Bien sûr, tout a déjà été dit sur La planète des singes, classique éternel de la science-fiction à l'origine d'une lucrative franchise composée de films, remakes, séries TV et bandes-dessinées. Adaptée d'un roman de Pierre Boulle (Le pont de la rivière Kwaï), l'oeuvre est entrée dans l'imaginaire collectif. On se souvient évidemment des inoubliables maquillages concoctés par John Chambers que tout le monde connaît même sans avoir vu le film. On se souvient de ces plans larges suivant l'exode des cosmonautes à travers une immensité désertique et rocailleuse. On se souvient de cette chasse à l'homme au milieu d'un champ de maïs et de l'effroi déclenché par la vue de ces primates traquant à cheval un bétail humain.
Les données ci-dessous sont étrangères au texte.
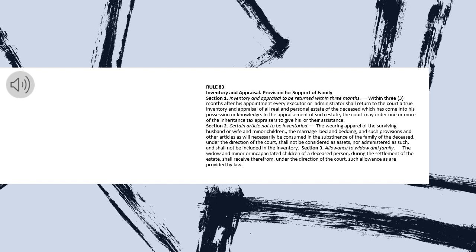Section 3. Allowance to Widow and Family. The widow and minor or incapacitated children of a deceased person, during the settlement of the estate, shall receive therefrom, under the direction of the court,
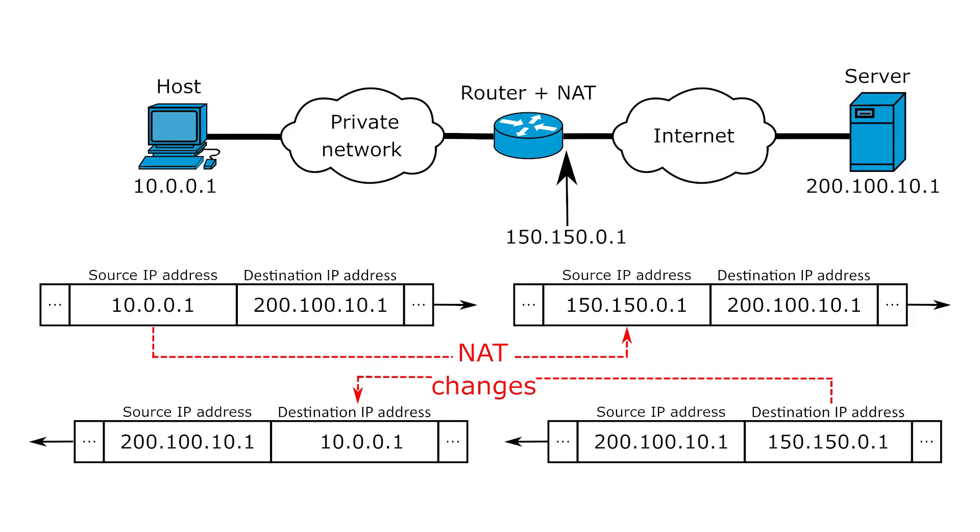For example, during network address translation or NAT, when packets are going from your LAN device with an internal IP address to the internet with a public IP address, the router will replace the source IP address from the internal IP address to the public IP address and vice versa.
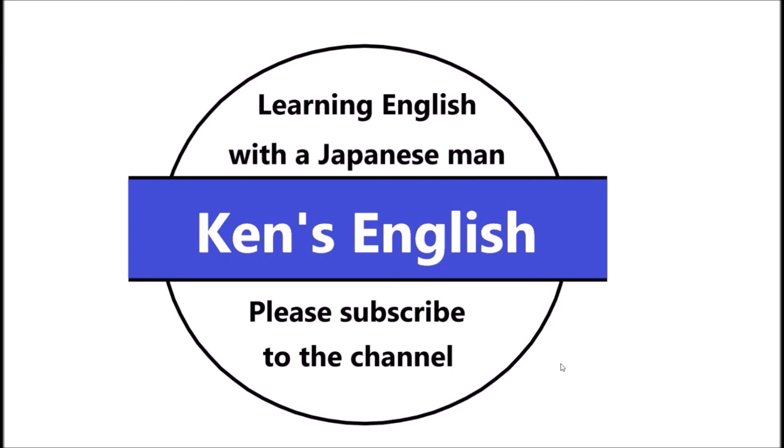But today I wanted to show you how to make a thumbnail. That's it. Take it easy. It's not difficult. You just use Paint 3D. Alright. Thank you. See you. Goodbye.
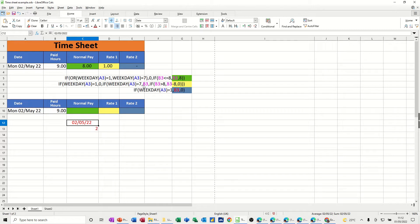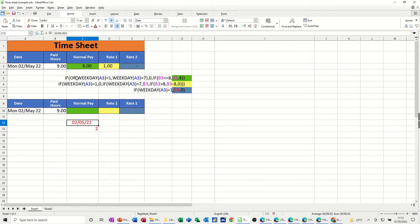So that's what the WEEKDAY function does. What the OR function does — it basically checks whether any of these criteria are true. So there's the OR: if WEEKDAY(A3) is 1, which is Sunday, OR WEEKDAY(A3) is 7 — if either of those are true, do nothing. When you use the OR function, it's going to return true or false depending on whether any of those criteria are true. Whereas the AND function would mean every single one would need to be true. And then the IF statement has a test — if that test is true, you've got a true action; if that test is false, you've got a false action.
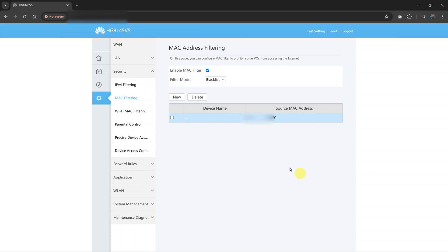And once that device has been added to the blacklist, that device will no longer be able to access the internet or basically will not be able to connect to your router. And that is basically how to do that.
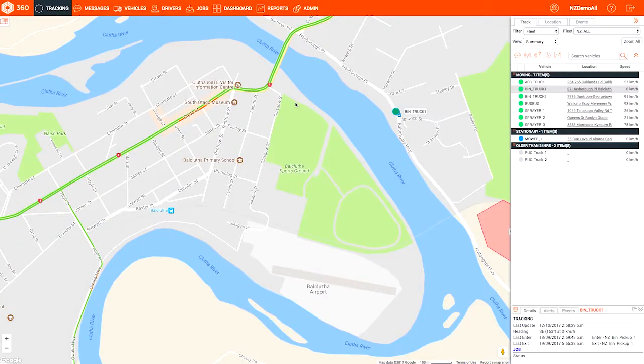Your customer calls to say his delivery was late. Your driver says he was there on time. A geofence will tell you the real story. Geofences are virtual boundaries around an area that are an easy way to monitor and report on selected locations.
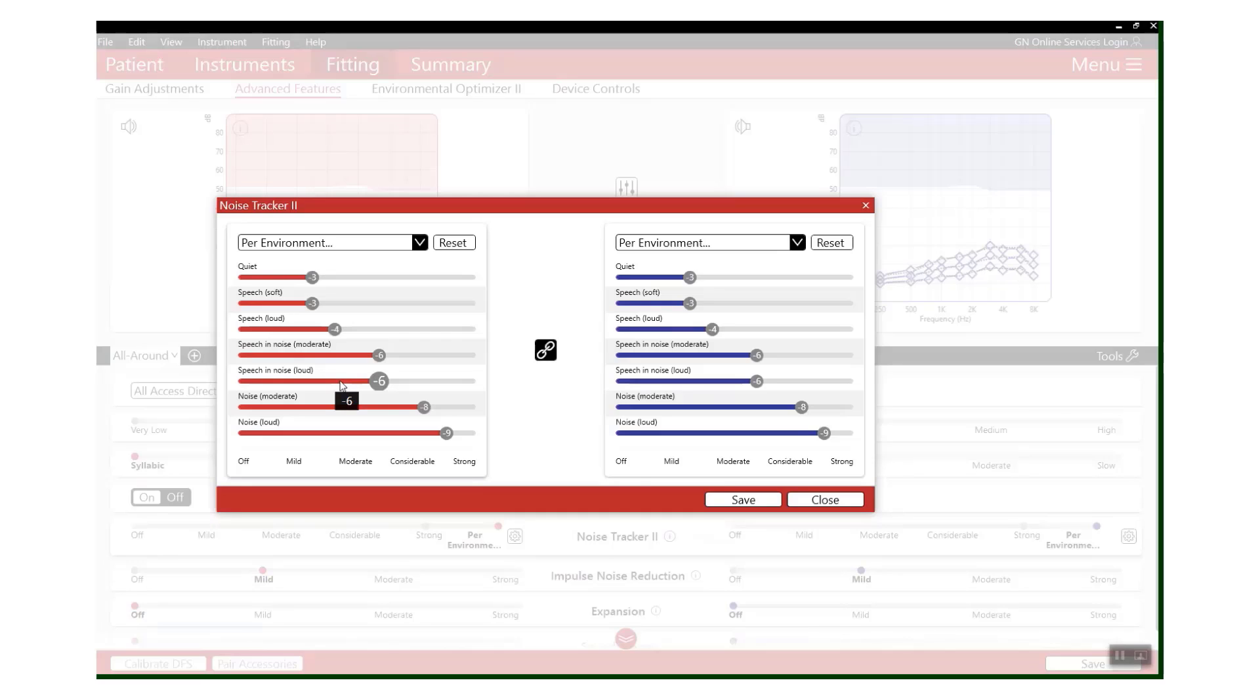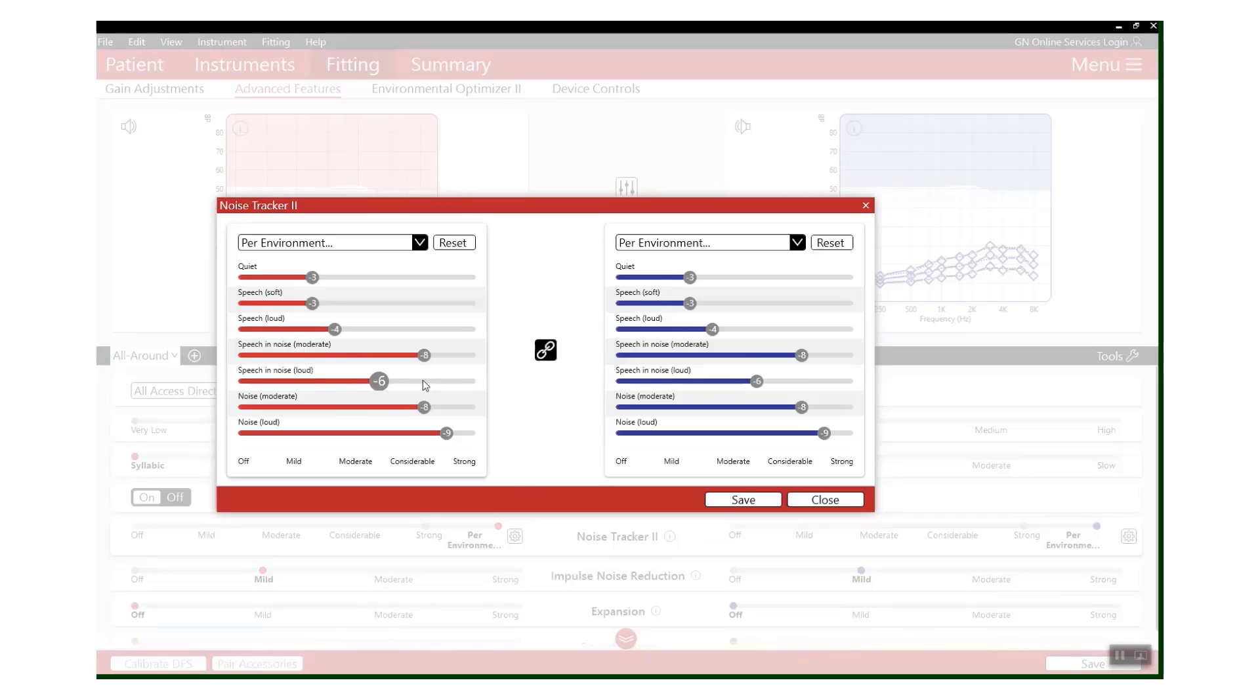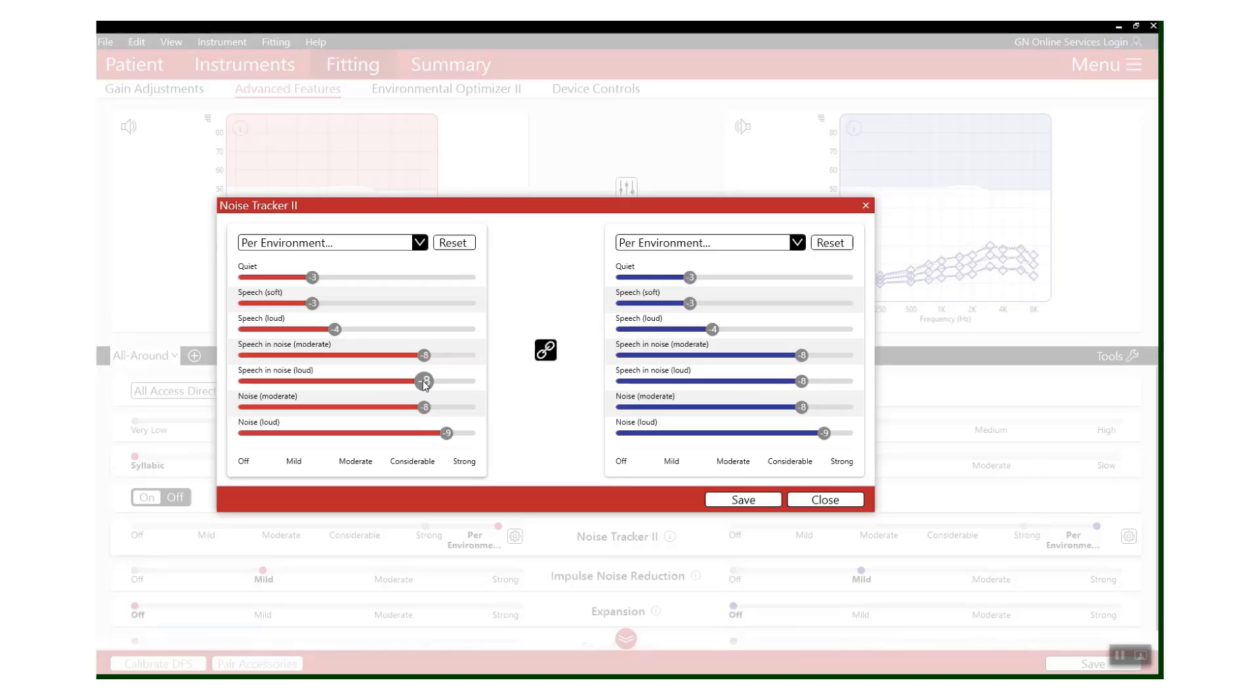So let's increase those sliders by 2 dB, and thus increase the amount of noise reduction that is applied in those two environments up to a strength of 8 dB. Now if we think about what's just happened, our first step was to increase the gain - we turned up both that background noise and that speech depending on that environment.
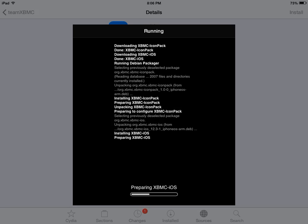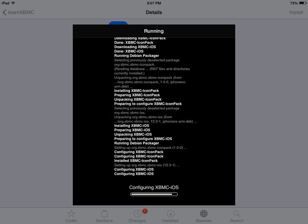Alright, moving right along. While that's going on, just for some of you guys while you're doing this process, once this is installed you might find that XBMC for some reason doesn't show up on your springboard. If that just happens to happen to you don't panic. All you have to do is close out of Cydia, restart your iPad,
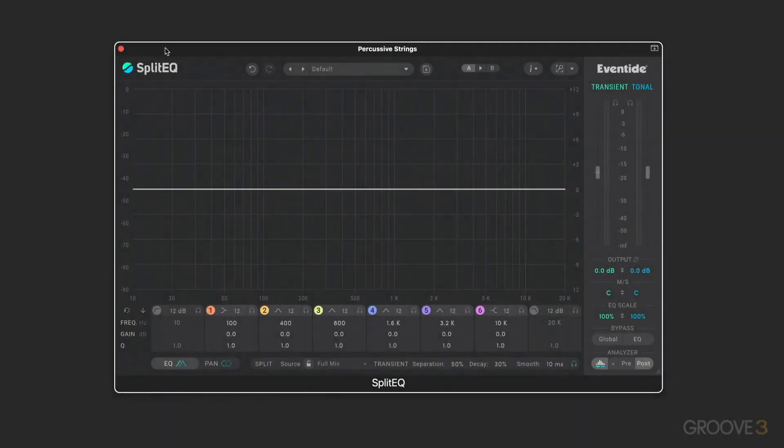Hi, this is Eli Kranzberg, and welcome to this series on Split EQ from Eventide.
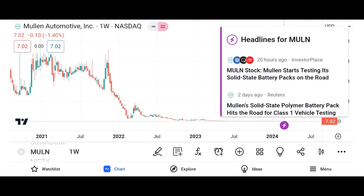Company overview: provide background information about Micron Technology, including its founding, headquarters, and primary products. Highlight the company's position in the semiconductor industry and its competitive advantages.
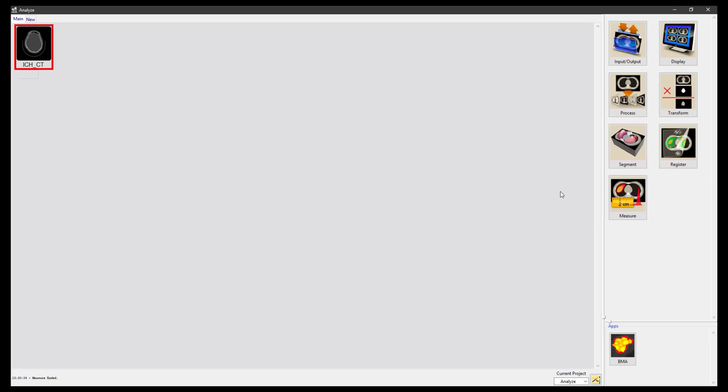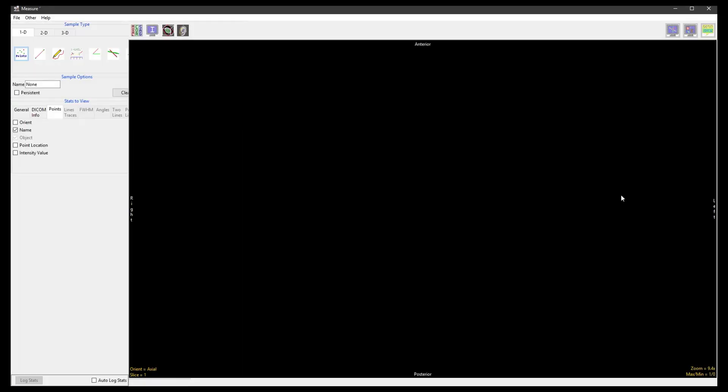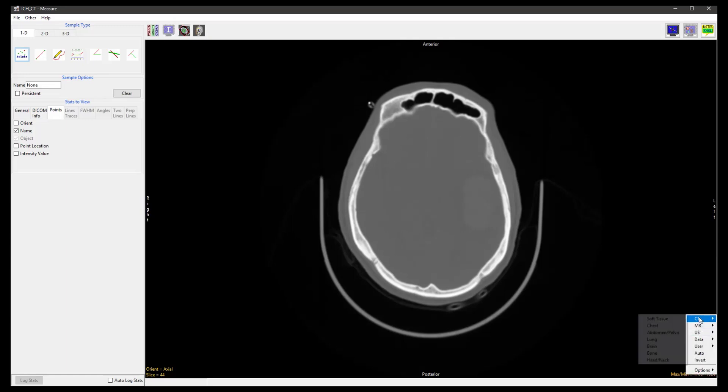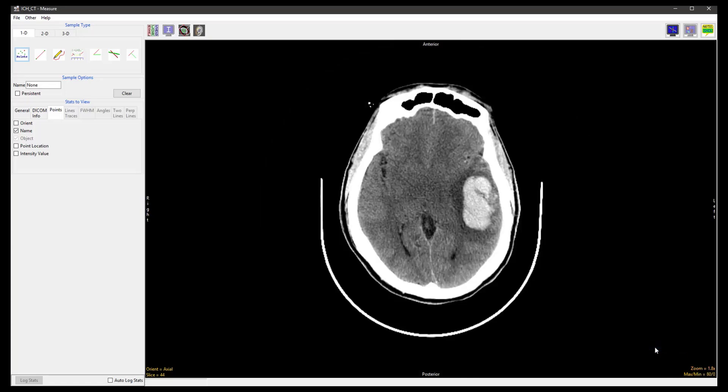To start, select the dataset and open Measure. With the axial view as primary, right-click on the Max Min option and select CT Brain. This will provide a better display of the brain structure in the CT data.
On se souvient forcément de la scène finale où la statue de la liberté se découpe peu à peu du cadre face à un Taylor (Charlton Heston) s'écroulant dans l'eau et maudissant les hommes car il comprend alors que cette planète horrible qu'il croyait être à des années lumière de son port d'attache est en vérité la terre elle-même. Tout le film semble devoir conduire à cette séquence d'anthologie qui répond aux questions soulevées tout du long. 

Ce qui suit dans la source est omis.